Data below:
■ ■ ■
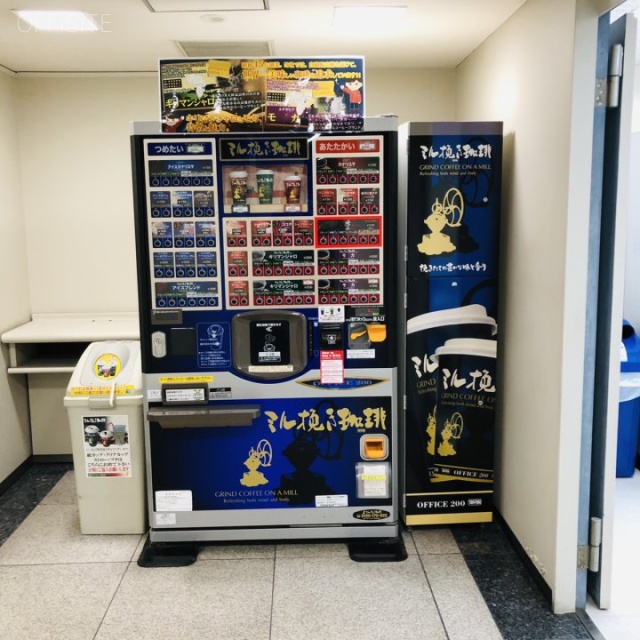 JMFビル東陽町02 自動販売機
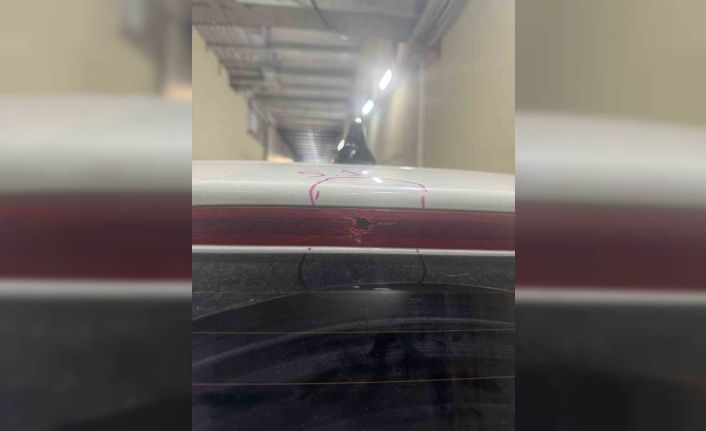 Küçükçekmece’de halı sahaya giderken serseri kurşunun hedefi olan genç hayatını kaybetti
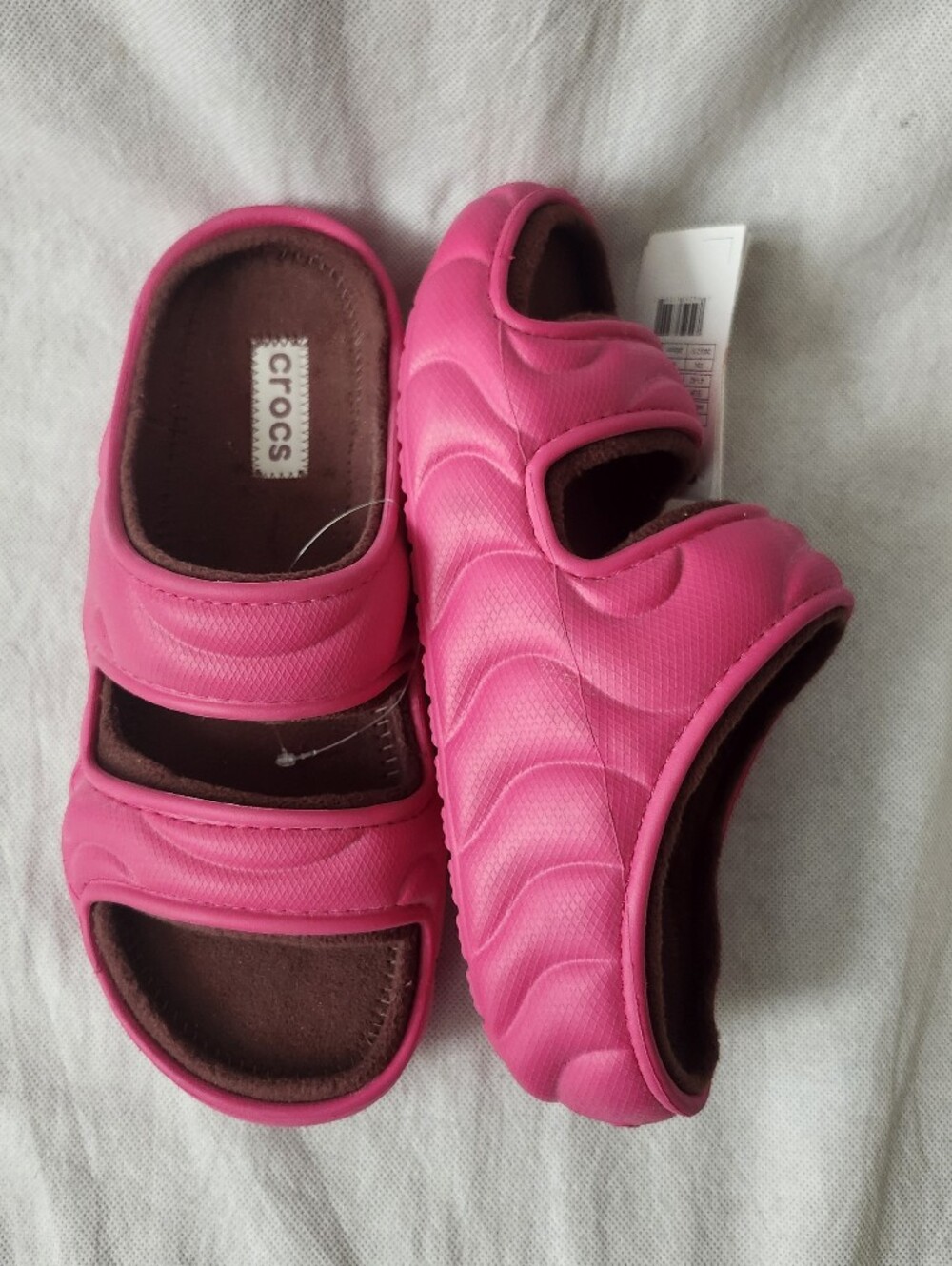 Crocs Classic Cozzzy Overpuff Sandal in the Dragon Fruit Size 10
■ ■ ■
All of the material above must be retyped exactly, line for line, with the images dropped.

Solution for this exercise:
 JMFビル東陽町02 自動販売機
 Küçükçekmece’de halı sahaya giderken serseri kurşunun hedefi olan genç hayatını kaybetti
 Crocs Classic Cozzzy Overpuff Sandal in the Dragon Fruit Size 10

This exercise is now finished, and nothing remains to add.